Miller ya había abordado la intimidad de personajes en conflicto en su trabajo anterior, estrenado en nuestro país, significativamente, con el título Intimidades (2002). Pero en esta ocasión el origen de las aflicciones de los personajes parece radicar en su tozudez a la hora de defender ciertas ideas. El mundo idílico de la pequeña familia se ve sacudido por la decisión de Jack de incorporar nuevos miembros: una mujer de mediana edad (interpretada por la siempre solvente Catherine Keener) y sus dos hijos adolescentes se incorporan a ese universo anacrónico y junto con ellos aparecen los primeros cimbronazos del cambio. Rose, de 16 años, no sólo sentirá que la relación con su padre comienza a tornarse más compleja y problemática sino que, a punto de dejar atrás la niñez, sentirá los primeros impulsos eróticos, tan sinceros como poco protocolares.

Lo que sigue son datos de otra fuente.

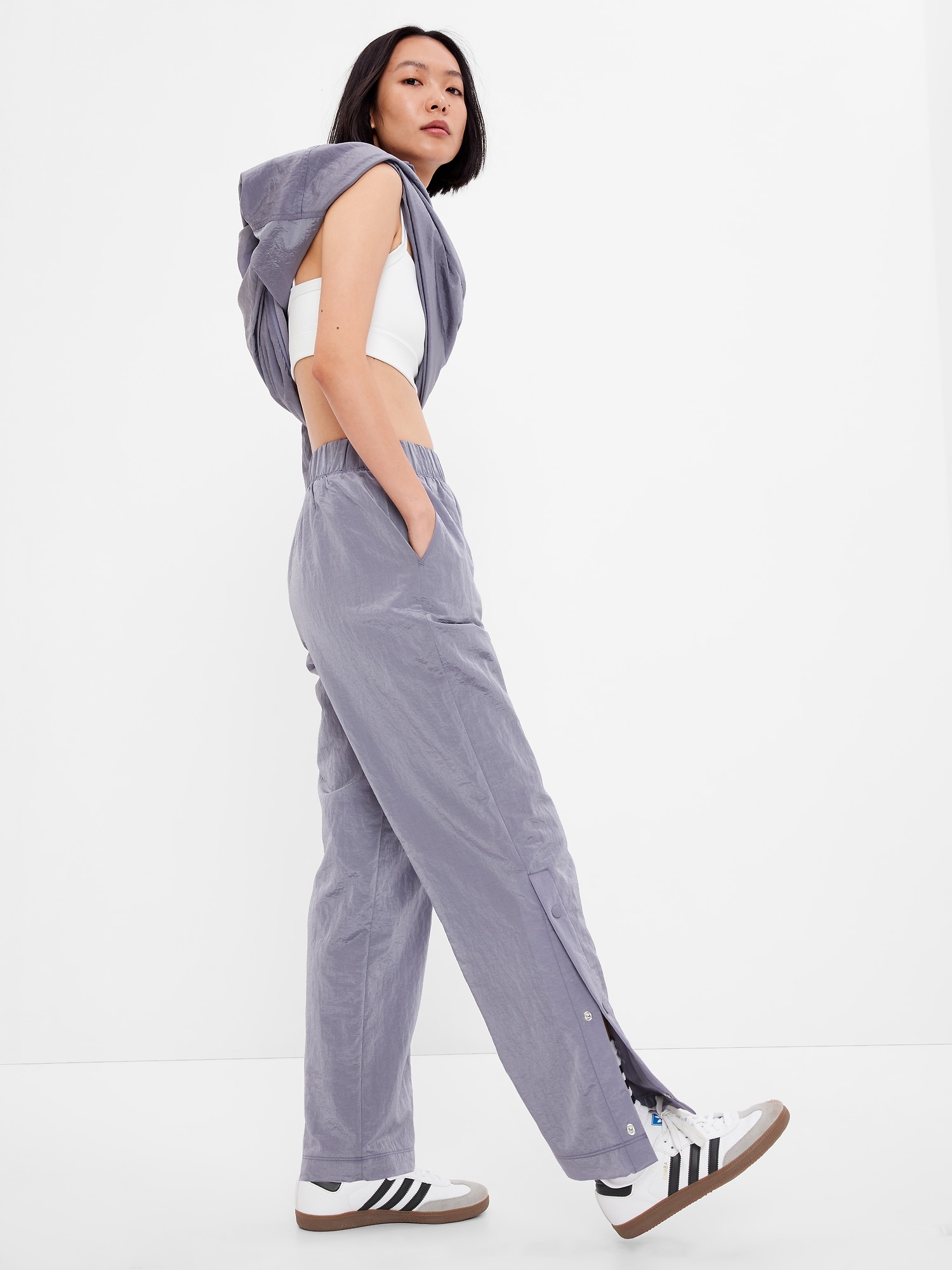 Pantaloni chino pentru femei GAP - gri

La realizadora acerca su cámara a los rostros de los actores y permite que sean los personajes los encargados de motorizar y puntuar la narración, construyendo a las criaturas y sus circunstancias como en un drama de cámara. Ese abordaje naturalista, anclado en la psicología de los personajes, genera momentos genuinos y frescos, pero al mismo tiempo impone algunos riesgos, en particular aquellos que tienen que ver con el reemplazo de las ideas visuales por las explicaciones verbales correspondientes. El Jack de Daniel Day-Lewis (esposo de Miller en la vida real) es un personaje que se va deshilvanando como tal para transformarse hacia el final en poco más que un reservorio de frases e ideas, con escasas aristas e inflexiones.
A pesar de estos problemas, La balada de Jack y Rose le escapa a las resoluciones facilistas y no cae en muchas de las trampas que la historia tenía agazapadas. Sin ir más lejos, ni el constructor de viviendas “imitación colonial” que encarna Beau Bridges es un monstruo dispuesto a destruir el medio ambiente con tal de lograr sus objetivos ni el mismo Jack un santo de su propia ideología, como deja en claro una escena en la cual se lo ve “comprando” al personaje interpretado por Keener. Quizá se trate, como parece decir la pequeña coda final, de no abandonar la lucha ni traicionar la esencia, pero también de saber abrir el juego al intercambio de ideas y la posibilidad del cambio. Un enunciado bastante hippie, después de todo.